High Quality HTML Tables using Text Only Layouts

High Quality HTML Tables using Text Only Layouts

Or … How to create a perfect table

Tables are a powerful way to present information. HTML provides a comprehensive set of elements to construct them, and CSS provides extensive formatting capability. However, in reality, tables are fiddly to get right. It is rare that common or generic styling works for all tables. Usually each table needs some tweaking.

There are many minor irritations that blight the perfect table:

  • column or row font styles, sizes or weights are incorrect
  • table or column widths cause unwanted wrapping or whitespace
  • cell data is too crowded or wrongly aligned
  • colours or borders need adjustment
  • column or row spanning is required
  • cell numeric format is inconsistent

These problems are exacerbated when you don’t have full control over the table layout, such as when it is rendered in a framework with its own defaults (e.g. themes), or when it is difficult to modify the associated CSS directly.
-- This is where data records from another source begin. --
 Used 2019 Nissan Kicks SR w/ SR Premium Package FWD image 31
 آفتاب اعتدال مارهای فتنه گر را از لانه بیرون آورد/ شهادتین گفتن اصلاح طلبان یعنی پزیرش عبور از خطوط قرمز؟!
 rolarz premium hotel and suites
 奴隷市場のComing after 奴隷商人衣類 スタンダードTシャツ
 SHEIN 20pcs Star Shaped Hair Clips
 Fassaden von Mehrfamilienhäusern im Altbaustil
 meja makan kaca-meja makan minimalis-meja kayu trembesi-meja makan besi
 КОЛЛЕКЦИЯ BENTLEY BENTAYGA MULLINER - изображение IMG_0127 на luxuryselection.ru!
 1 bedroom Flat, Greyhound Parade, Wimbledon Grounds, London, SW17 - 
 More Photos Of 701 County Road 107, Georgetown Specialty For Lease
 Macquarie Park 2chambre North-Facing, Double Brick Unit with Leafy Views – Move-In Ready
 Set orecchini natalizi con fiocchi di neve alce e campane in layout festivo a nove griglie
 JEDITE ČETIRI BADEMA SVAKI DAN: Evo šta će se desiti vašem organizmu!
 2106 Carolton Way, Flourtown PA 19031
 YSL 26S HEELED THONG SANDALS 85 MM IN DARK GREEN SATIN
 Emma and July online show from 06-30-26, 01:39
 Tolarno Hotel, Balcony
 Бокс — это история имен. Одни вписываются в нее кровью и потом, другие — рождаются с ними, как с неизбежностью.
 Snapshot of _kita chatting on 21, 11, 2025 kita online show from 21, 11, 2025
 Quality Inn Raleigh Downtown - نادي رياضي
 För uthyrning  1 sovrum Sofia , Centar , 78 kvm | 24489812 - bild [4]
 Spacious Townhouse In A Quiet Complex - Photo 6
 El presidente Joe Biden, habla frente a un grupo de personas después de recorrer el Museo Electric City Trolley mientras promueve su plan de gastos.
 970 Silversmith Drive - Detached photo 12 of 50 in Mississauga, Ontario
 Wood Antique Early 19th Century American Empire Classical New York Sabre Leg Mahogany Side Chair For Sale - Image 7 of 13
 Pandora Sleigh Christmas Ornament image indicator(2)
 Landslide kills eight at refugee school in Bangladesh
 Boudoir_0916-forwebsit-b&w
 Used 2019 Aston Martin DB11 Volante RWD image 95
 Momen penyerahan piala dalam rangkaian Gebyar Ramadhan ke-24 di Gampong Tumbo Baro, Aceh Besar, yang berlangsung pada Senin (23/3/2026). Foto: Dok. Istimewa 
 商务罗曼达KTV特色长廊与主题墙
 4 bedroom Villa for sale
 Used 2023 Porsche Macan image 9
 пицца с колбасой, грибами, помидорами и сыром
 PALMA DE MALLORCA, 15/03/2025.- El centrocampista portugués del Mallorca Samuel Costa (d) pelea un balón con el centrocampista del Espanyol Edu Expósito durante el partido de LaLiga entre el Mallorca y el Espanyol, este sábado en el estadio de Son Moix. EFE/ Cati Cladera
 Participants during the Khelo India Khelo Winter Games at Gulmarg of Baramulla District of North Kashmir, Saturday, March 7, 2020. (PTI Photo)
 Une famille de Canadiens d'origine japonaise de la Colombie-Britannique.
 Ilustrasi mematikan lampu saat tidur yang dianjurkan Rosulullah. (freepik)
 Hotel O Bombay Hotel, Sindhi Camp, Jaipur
The following is a proposed texttab specification to define and style a table using a text only format. A basic Clojure implementation is also provided.

The specification uses inline CSS styling to provide a high degree of flexility and precision over the table’s appearance, albeit at the cost of additional styling text overhead. Ideally it is used to adjust an existing table’s base styles to make small adjustments often required by particular tables.

It is designed to be preprocessed into inline HTML that is suitable for Markdown or similar post processing.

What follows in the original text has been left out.